It has probably not dawned on our policy-makers that much of India remains at the mercy of monsoon-swollen rivers. Days after the horror of Uttarakhand, one-third of the country was swamped by the monsoon floods displaying, once again, the status quoist attitude of the authorities that as usual remained confined to the rituals of token relief and rescue. Odisha and Punjab are still trying to recover from the recent flood fury while the trouble is not yet over in Assam, UP and Bihar where millions have been doomed to a silent suffering. The warning is loud and clear, the devastation wrought by flood is still considered an annual phenomenon to be faced and forgotten. But for those who take the hit, the real endurance begins with the receding of water.

Clearly, the business of flood management in India has remained dismal. Floods occur not merely because of rain; poor embankments, badly managed dams only aggravate the situation. Decades of deforestation, soil erosion and sand mining have stripped the countryside of natural cover and the country is being pushed to one ecological disaster after another.
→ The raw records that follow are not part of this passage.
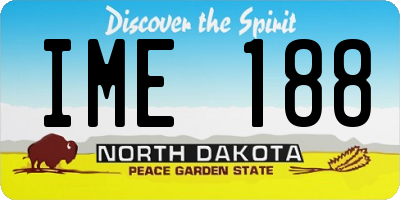 ND license plate IME188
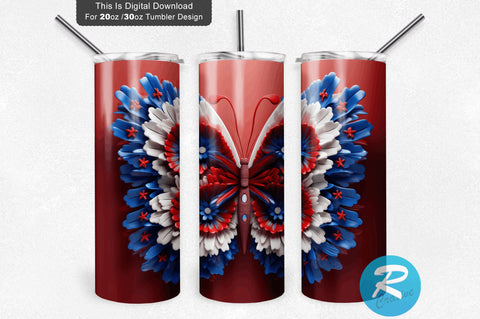 Patriotic Butterfly 3D 20 Oz Tumbler Sublimation Regulrcrative 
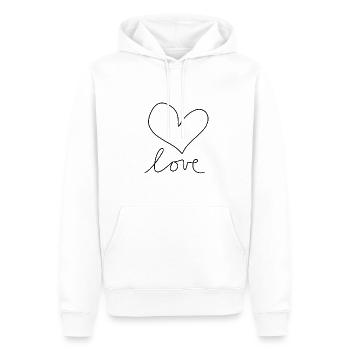 Icône de cœur d’amour - Sweat à capuche Premium bio Homme - blanc - Devant - Nico (187cm)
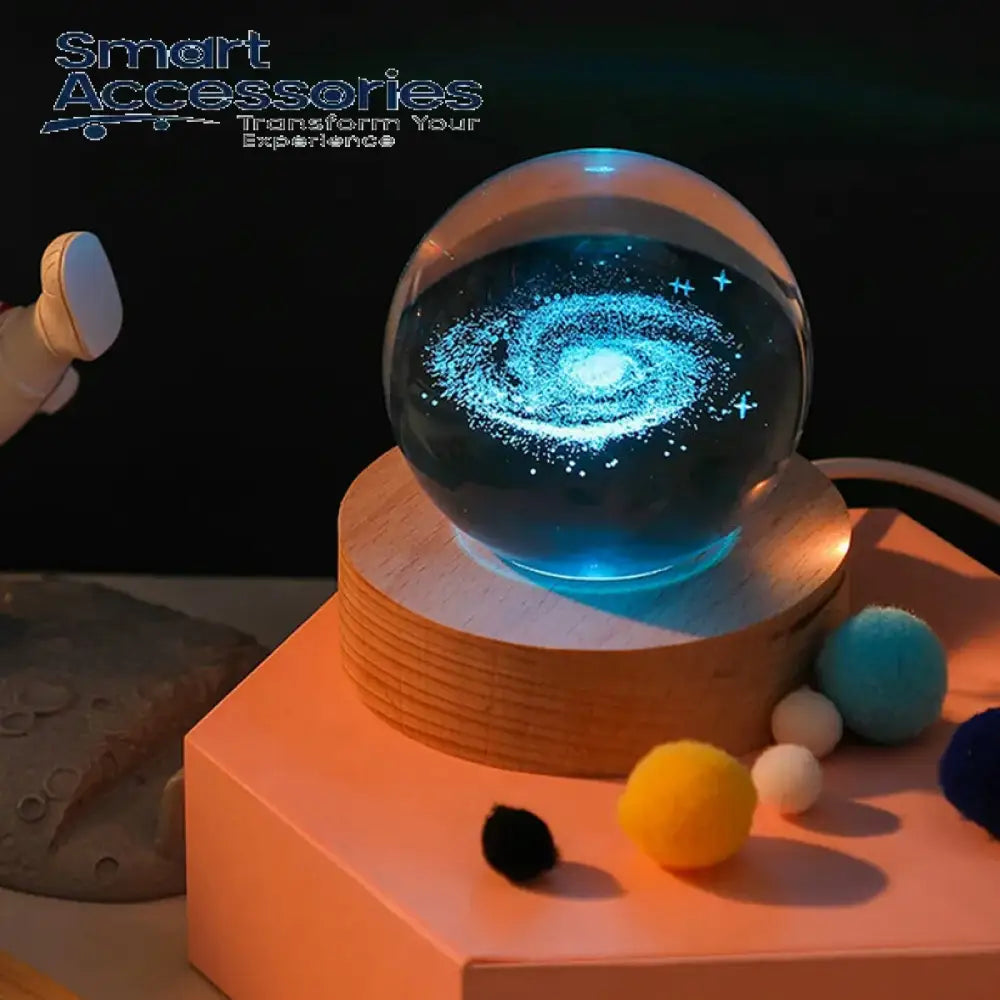 3D Crystal Lights Lamp Glowing Planetary Galaxy Night Light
True, the government or the policy-makers cannot push the black clouds away. But it cannot absolve itself from its half-hearted approach to predict, respond and recover from such disasters. It is now a fight for survival against climate change. The country must initiate reforms in the water management agencies to bring about more accountability and for better preparedness. The idea of linking 37 rivers through 31 links during the Vajpayee regime has been conveniently shelved with opinions divided. Even the river regulation zone to regulate construction and development near rivers, much like the coastal zone regulation, has not seen the light of day. The country urgently needs to shift its focus from superficial flood control regime to disaster avoidance.